▶ _Your task_
Your answer must be the exact lines from the one with "Boeing 737NG Minimum" to the end of the data, both included, with no pictures.

▶ _Provided material_
------------------------------------

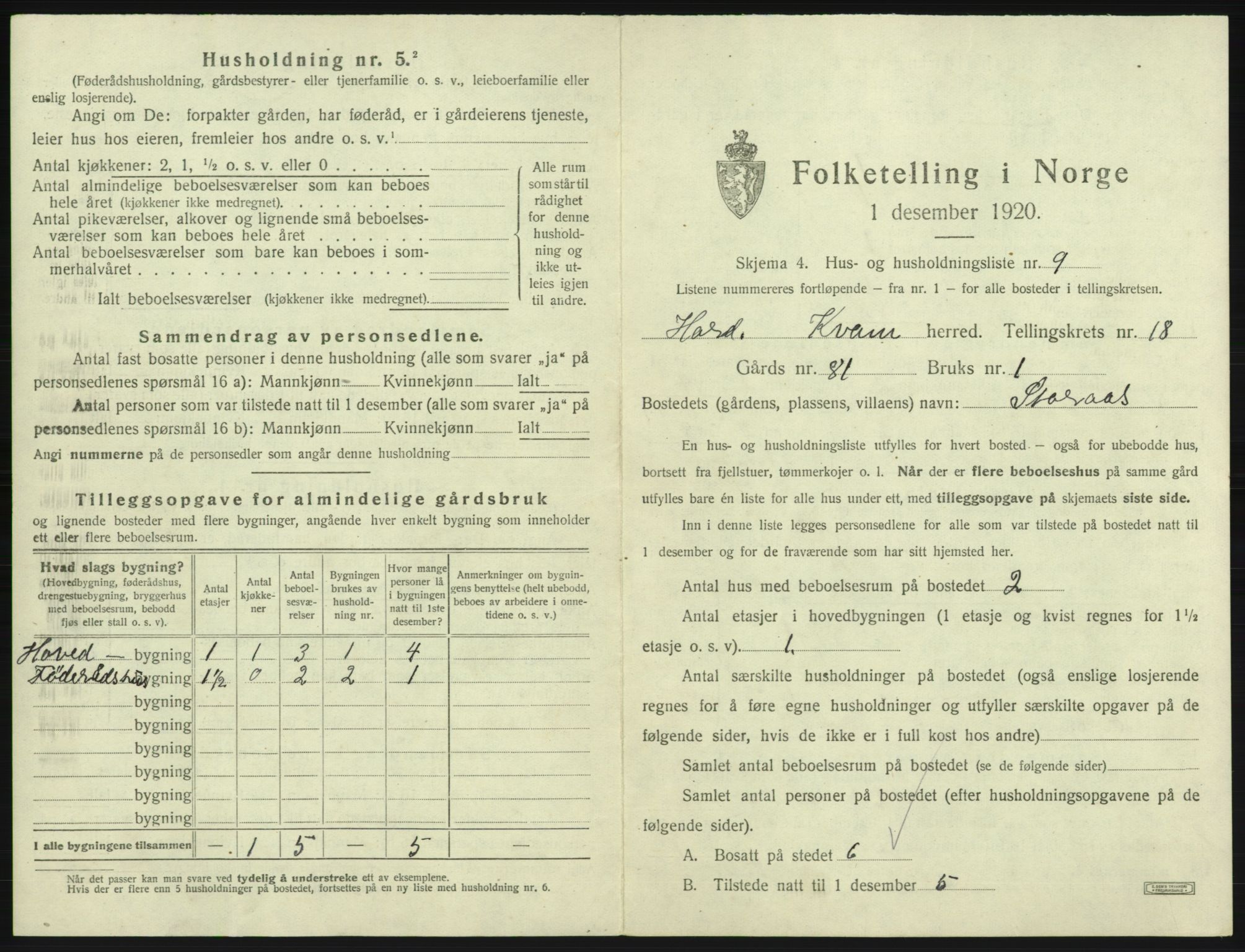 SAB, Folketelling 1920 for 1238 Kvam herred, 1920, s. 1421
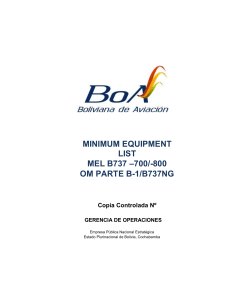 Boeing 737NG Minimum Equipment List (MEL) for Boliviana de Aviaci&oacute;n
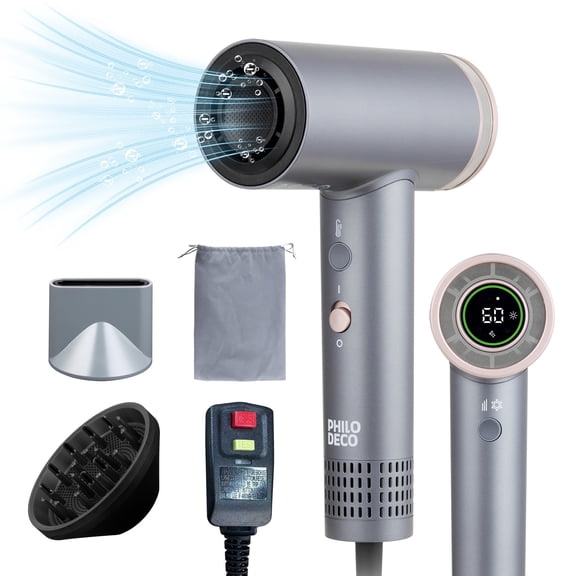 PhiloDeco Hair Dryer with Diffuser, 500 Million Negative Ionic Hair Dryer, Professional Hair Dryer 110000RPM Blow Dryer, Fast Drying High-Speed Hair Dryer for Women Men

------------------------------------

▶ _Answer to the problem_
 Boeing 737NG Minimum Equipment List (MEL) for Boliviana de Aviaci&oacute;n
 PhiloDeco Hair Dryer with Diffuser, 500 Million Negative Ionic Hair Dryer, Professional Hair Dryer 110000RPM Blow Dryer, Fast Drying High-Speed Hair Dryer for Women Men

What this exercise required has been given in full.